Your objective: The listing is to be repeated exactly, and its pictures are to be left out.

Supplied information:
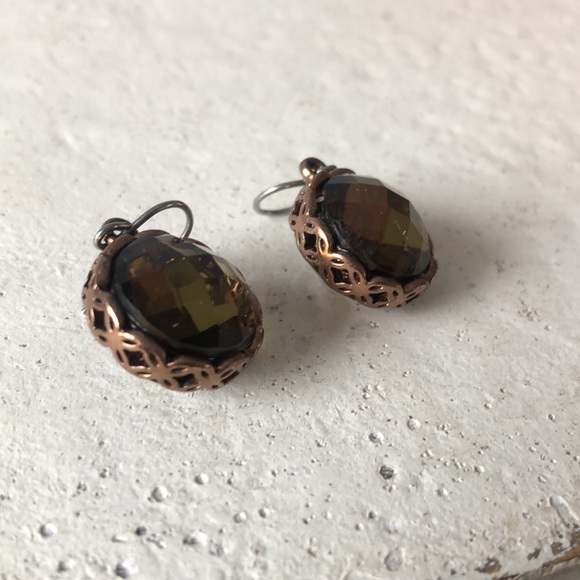 Vintage unique olive green cut crystal earrings - Picture 3 of 3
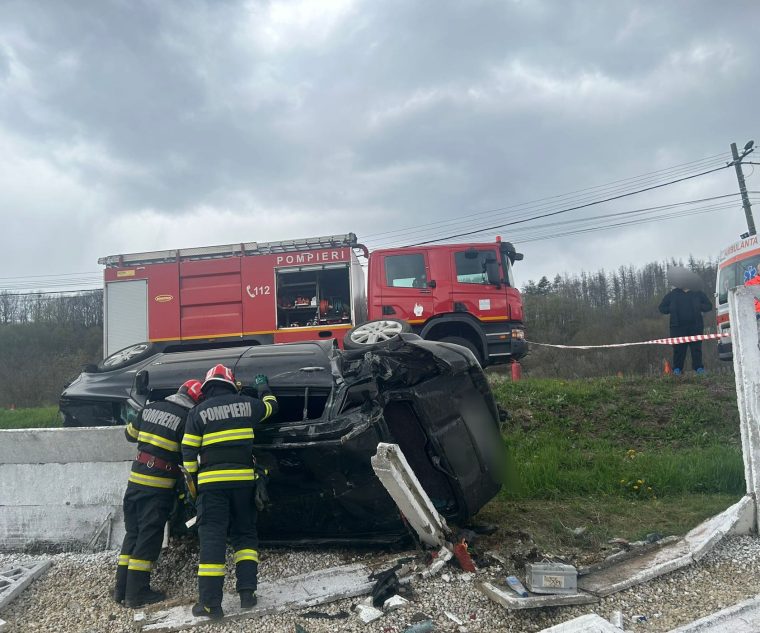 Accident in Arges la Davidest Vehicul rasturnat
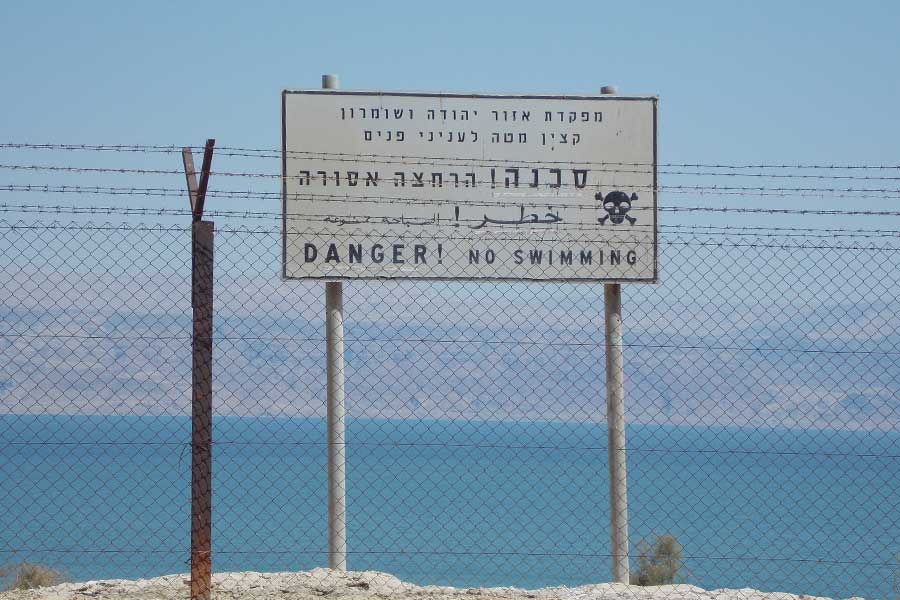 Warnschild und Zaum am Toten Meer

Finished exercise:
 Vintage unique olive green cut crystal earrings - Picture 3 of 3
 Accident in Arges la Davidest Vehicul rasturnat
 Warnschild und Zaum am Toten Meer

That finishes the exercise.